# Help! How to groom a fuzzy lop?



## Zibb (Jul 17, 2012)

I got a new fuzzy Holland lop about 3 days ago. He's the sweetest thing ever and he loves to be rubbed behind the ears  but he came with some problems. First off he has pink eye. I took him to the vet and they gave me an antibiotic so he's feeling way better. He also has VERY matted fur, but he won't let me touch his feet to clip the nails or cut off the mats! I really don't want to freak him out, but should i bring him to a groomer or something? i cant do it myself, he squirms too much and I'm afraid I'll hurt him! Help me please!


----------



## woahlookitsme (Jul 17, 2012)

The more he is held the better he will be when you have to mess with him. Of course treats can be an extra incentive when your done and reward with good behavior. Hollands are pretty docile if you handle them enough.


----------



## Zibb (Jul 17, 2012)

He is only 2 months. What treats can I give him do you think? And he needs to be groomed now. How could I go about that without traumatizing him?


----------



## Mariah (Jul 17, 2012)

Hey, I also just recently (in May) got a fuzzy lop! Aren't they just the cutest little bunnies? My little guy "Papaya" gets mats near his bum which I'm going to actually shave off cause the brush can't get them out. He also gets mats in other places which I just brush out with a human baby brush which is very soft. I brush him 2-3 times a week cause he's a messy little dude! He always gets shavings stuck to him! 

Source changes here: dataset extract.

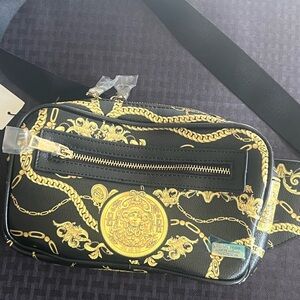 Reason Black and Gold leather Belt Bag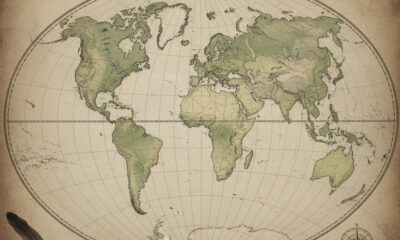 World map showing the Mercator projection distortion, with Africa appearing smaller than its true size compared to other continents.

Can I ask what kind of shavings you use? I use aspen and he tracks them everywhere he goes!


----------



## Zibb (Jul 17, 2012)

I use the "care fresh" paper bedding for everything! And yes they really are the cutest  I try to snip out his mats with nail scissors and its not really working out for me.. How do you get rid of the mats without scaring the poor bunny?


----------



## Mariah (Jul 18, 2012)

I just keep brushing. Papaya just sits on my lap while I brush him. I give him Quaker oats as treats for sitting so nicely! I think he thinks he's a show bunny


----------



## MyBabyHasPaws (Jul 18, 2012)

You gotta do what you gotta do. I wouldnt use force and I wouldnt be rough, but if he has to be groomed then he's going to have to sit there, its going to take a lot of time and patience. You know those scissors with the round tip? Those work pretty well and if he moves he wont get stabbed. Slow and steady wins the race


----------



## wendymac (Jul 18, 2012)

:yeahthat:


----------



## Nancy McClelland (Jul 18, 2012)

:yeahthat: I know my bunnies don't like nail clipping time, brushing, or getting scent glands cleaned, but they've come to accept it. Time, patience, and perseverance.


----------



## slavetoabunny (Jul 19, 2012)

You may want to take him to a vet and have him shaved. That way you can start fresh. As long as you keep up on the grooming you shouldn't have too many problems.


----------



## Zibb (Jul 19, 2012)

Where are the scent glands??


----------



## SneakyDragon (Jul 19, 2012)

The scent glands are under the tail.

http://brighteyessanctuary.org/educ/rabbit-info-scent-glands.html

After I first adopted my first bun, I slowly handpulled out his mats using my fingers when I fed him his vegetables every night. Slow but steadily all of them came out. He does not like being brushed at all, but as long as I pulled the mats out gently, he didn't mind too much while he was eating.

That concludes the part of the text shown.